***** Data records

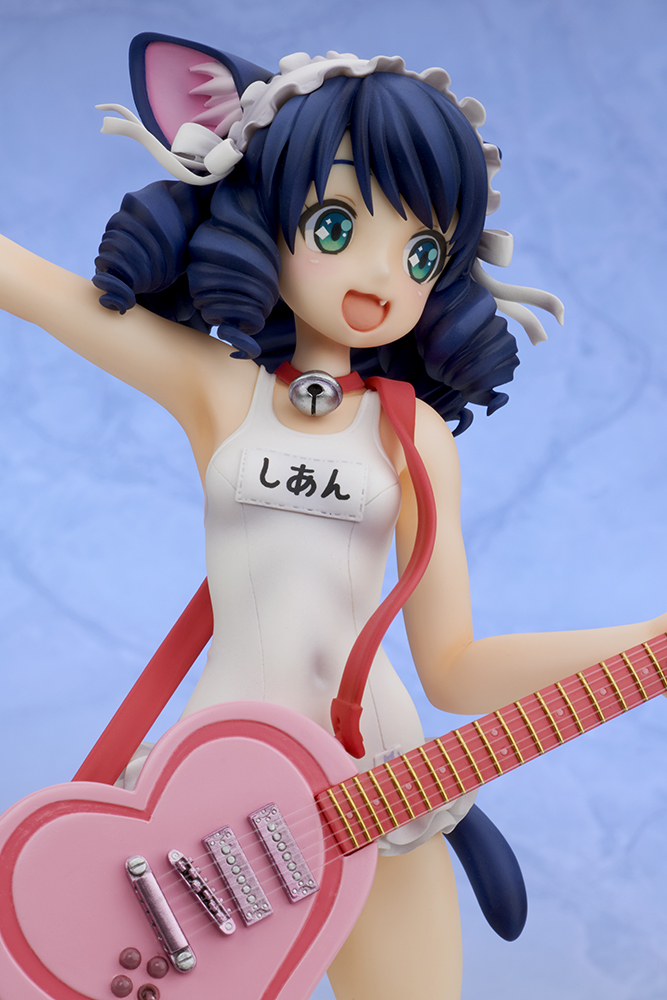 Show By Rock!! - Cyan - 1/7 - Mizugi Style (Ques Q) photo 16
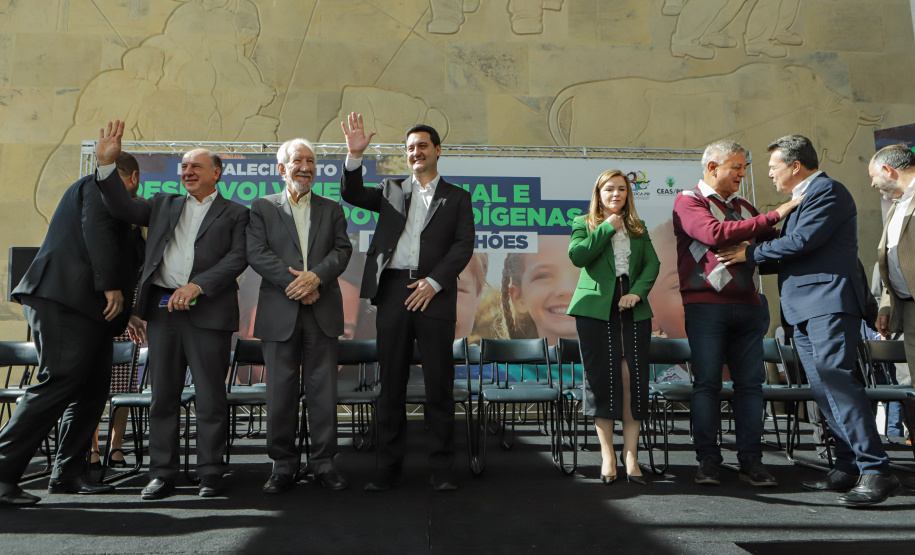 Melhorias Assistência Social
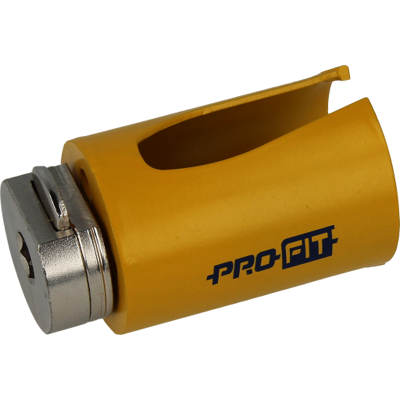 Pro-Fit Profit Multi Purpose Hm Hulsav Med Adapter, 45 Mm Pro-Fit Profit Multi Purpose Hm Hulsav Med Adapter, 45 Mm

**********
***** Data records

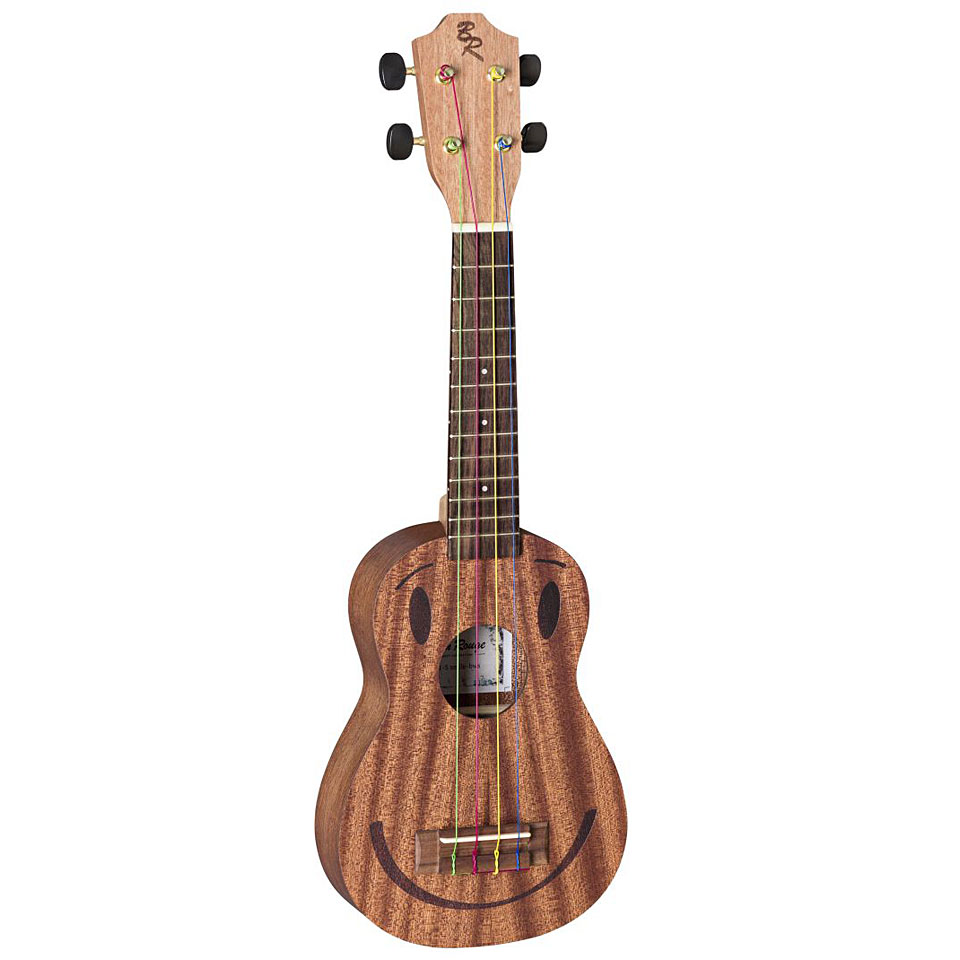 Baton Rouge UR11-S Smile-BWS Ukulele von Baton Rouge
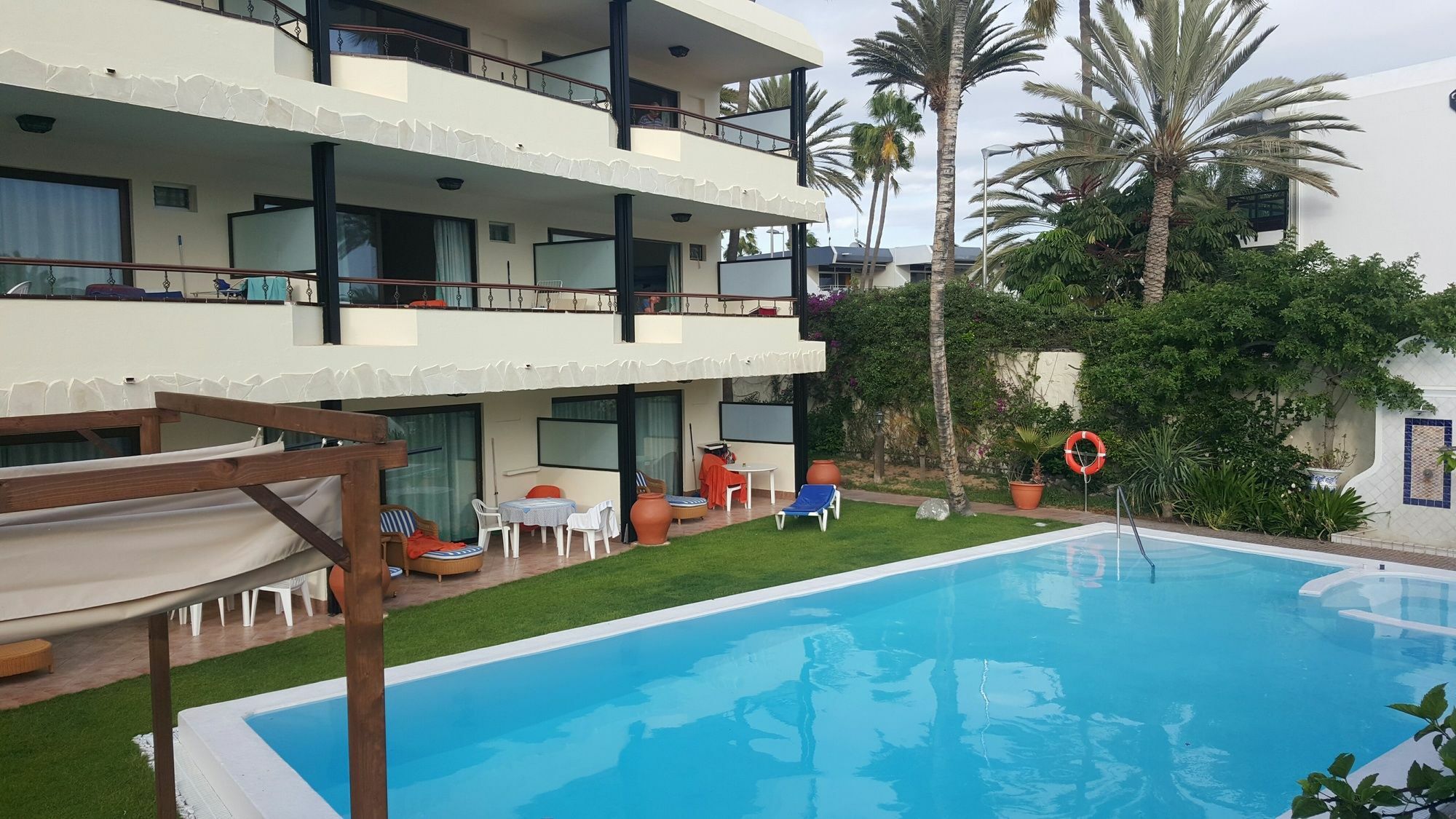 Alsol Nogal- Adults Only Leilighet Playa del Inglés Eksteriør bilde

**********

Work required => The material above holds pictures; leave them out. Repeat exactly the lines from the one containing "Show By Rock!!" through the one containing "45 Mm Pro-Fit", and nothing else.

Response to the task =>
 Show By Rock!! - Cyan - 1/7 - Mizugi Style (Ques Q) photo 16
 Melhorias Assistência Social
 Pro-Fit Profit Multi Purpose Hm Hulsav Med Adapter, 45 Mm Pro-Fit Profit Multi Purpose Hm Hulsav Med Adapter, 45 Mm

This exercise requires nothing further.